Our member Bonnie Wohl writes:

How close to home, our home, is the Israeli-Palestinian conflict? Elie Wiesel, who has lived and intimately knows terror and can eloquently transfer feelings to words, takes the reader on a believable journey into the life of a hostage in, of all places, Brooklyn, New York. How did I miss this huge political, newsworthy story that garnered world attention? I didn’t. It was believable but not true.

We meet the hostage Shaltiel, an innocent, innocuous storyteller and writer, a husband and son, who is both an Orthodox Jew and a survivor. This story finds its basis in the life experiences of the author. While the book can be read and appreciated on its own merit, it is helpful to have read Wiesel’s book Night, the haunting memoir of his life.

In the bowels of a building, blindfolded and tied to a chair, Shaltiel had no idea where he was or why he was there. We learn it was a random abduction by an angry and violent Palestinian with an anarchist Italian as his cohort. Shaltiel was a pawn used to barter for the ultimately unsuccessful release of three Palestinian prisoners. Much to his abductor’s dismay, Shaltiel was not famous or rich. Even though he had no political clout, he was a Jew and that made him a potential bargaining chip. The Arab was angry and abusive and Elie Wiesel was graphic in his descriptions of Shaltiel’s torture. The Italian, an atheist, had no investment in prisoners and it was he, the relatively kinder of his abductors, who untied Shaltiel’s hands and offered a parched man some water. Shaltiel shared select stories with him with hopes it might help him be released.

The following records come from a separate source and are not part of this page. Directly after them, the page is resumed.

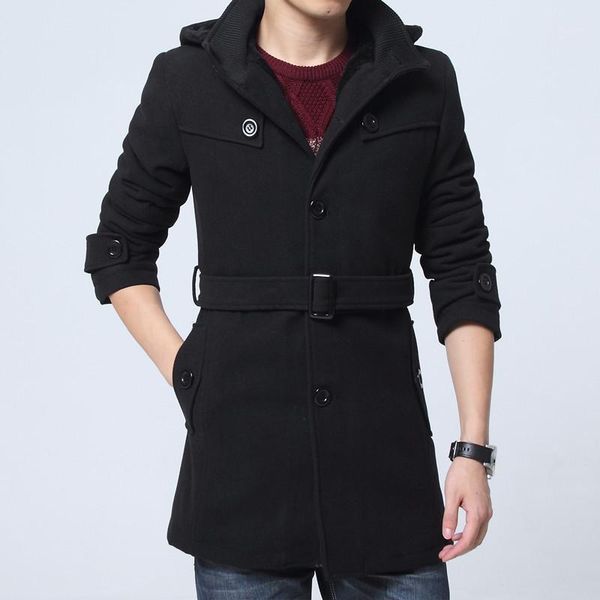 

men winter wool coat men's new solid color simple blends woolen pea coat1, Black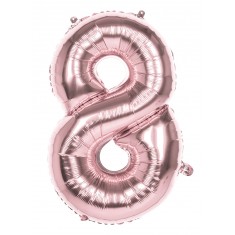 Copper Pink Mylar Balloon Number 8 - 86 cm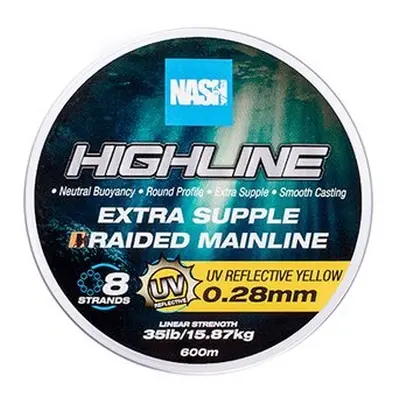 Nash splétaná šňůra highline extra supple braid uv yellow 600 m - 0,28 mm 15,87 kg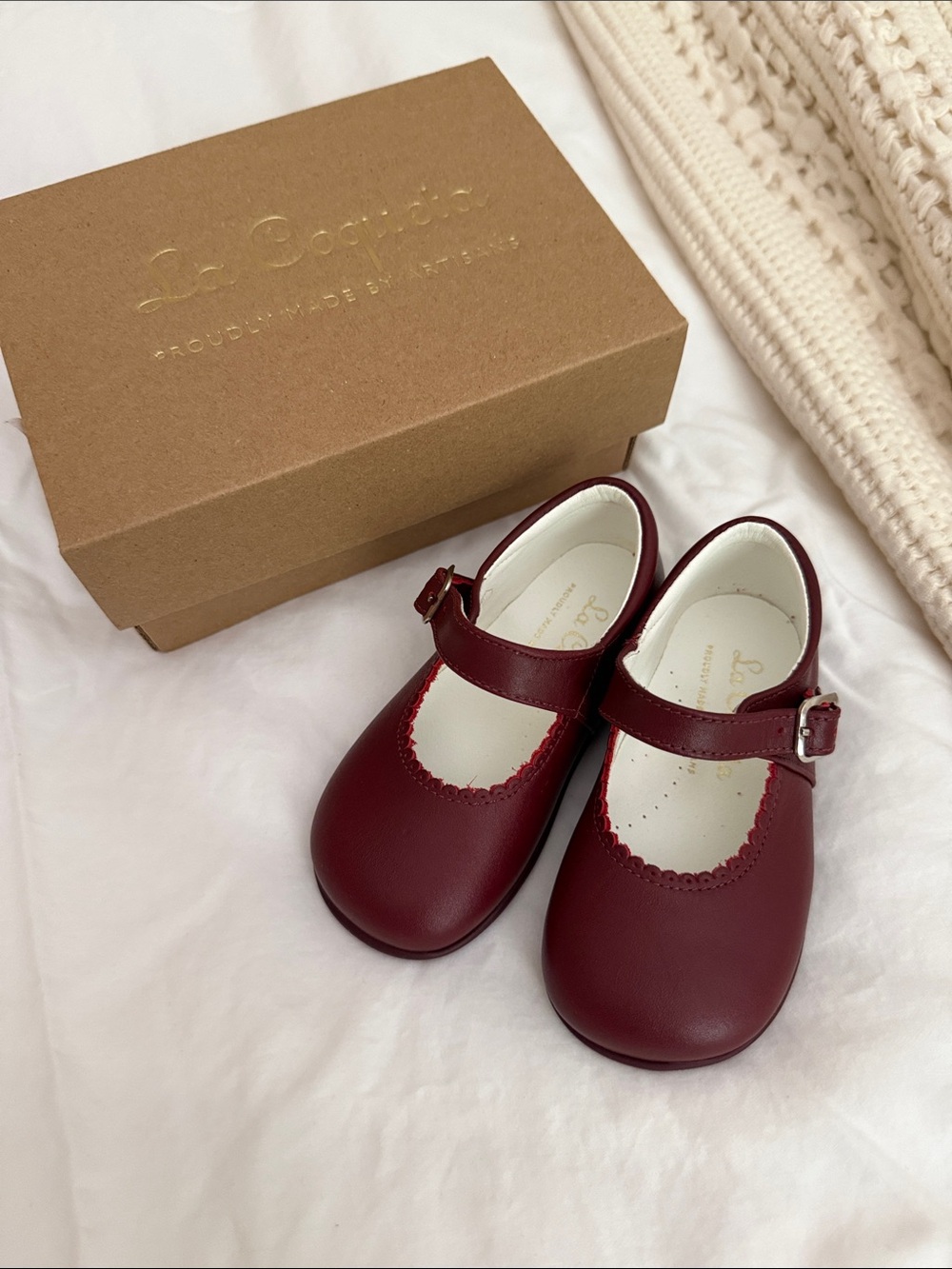 Burgundy Leather Toddler Mary Jane Shoes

Ultimately the Italian supported and had compassion for his irrational, angry Arab terrorist comrade who, as a child born in a Palestinian refugee camp, had been broken by personal and family tragedies from emotional taunting to the death of loved ones by Israeli commandos.  There are some similarities in Shaltiel’s and the Arab’s life stories.

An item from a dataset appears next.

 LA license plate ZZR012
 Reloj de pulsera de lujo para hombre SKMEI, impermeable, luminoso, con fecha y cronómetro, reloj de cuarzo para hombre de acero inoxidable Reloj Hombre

In the midst of unbearable torture, Shaltiel’s survival was his photographic memory. It kept his mind focused on something other than that dark and dingy basement which became synonymous with endless unbearable and inhumane treatment. As he drifted into unconsciousness, he traveled the course of his life to date, met with the God of his ancestors, questioned his life choices,

I was uplifted by Shaltiel’s blissful childhood memories, his good fortune due to a very concrete talent of playing chess. These retreats allowed reprieve from frequent episodes of physical beatings and humiliation and depravation.  As Shaltiel retreated within, I joined him as his past continued to unfold to the present day.  The heart-wrenching memories of the abrupt ending of his childhood via the Holocaust, the destiny of his family members, to his introspective inventory of his current life prior to his abduction, caused Shaltiel to rethink his priorities amidst uncertainty of any future. Concurrent with this is, the physical, spiritual and emotional journey his family endure as the police, aided by the Israelis, continue to progress on their search to find and free Shaltiel.

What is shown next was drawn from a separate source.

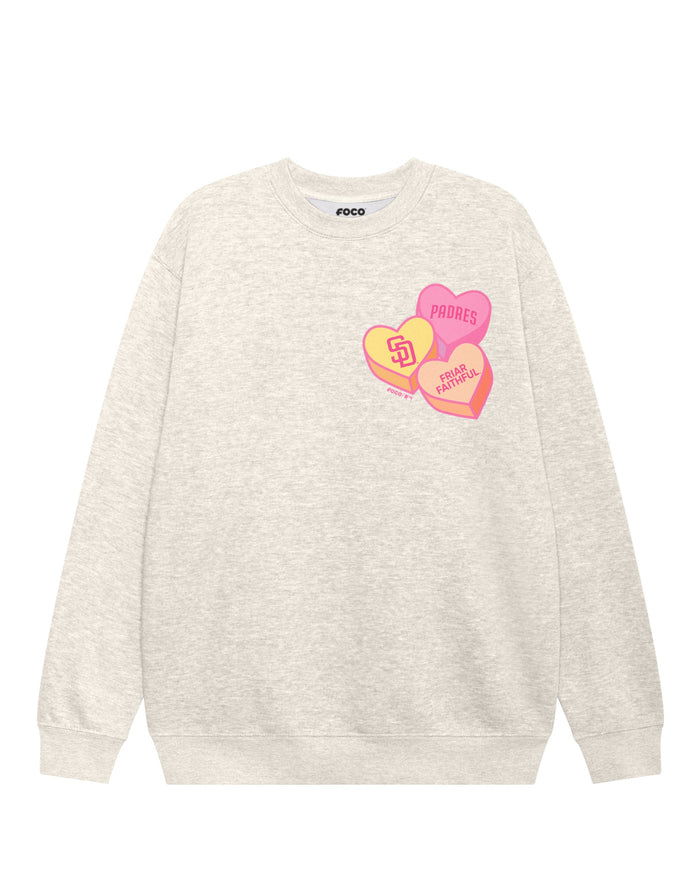 San Diego Padres Candy Heart Crew Neck Sweatshirt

I chose this book because of the author without knowing anything about it. I looked at the cover daily for weeks but couldn’t get beyond the image of the blindfolded man on the cover. The pages unturned, I renewed and eventually returned the unopened book.  Too late to pick another title, I searched for the book on disk which then served as a segue to the printed page, allowing me to experience this brutal and, at the same time, beautiful story.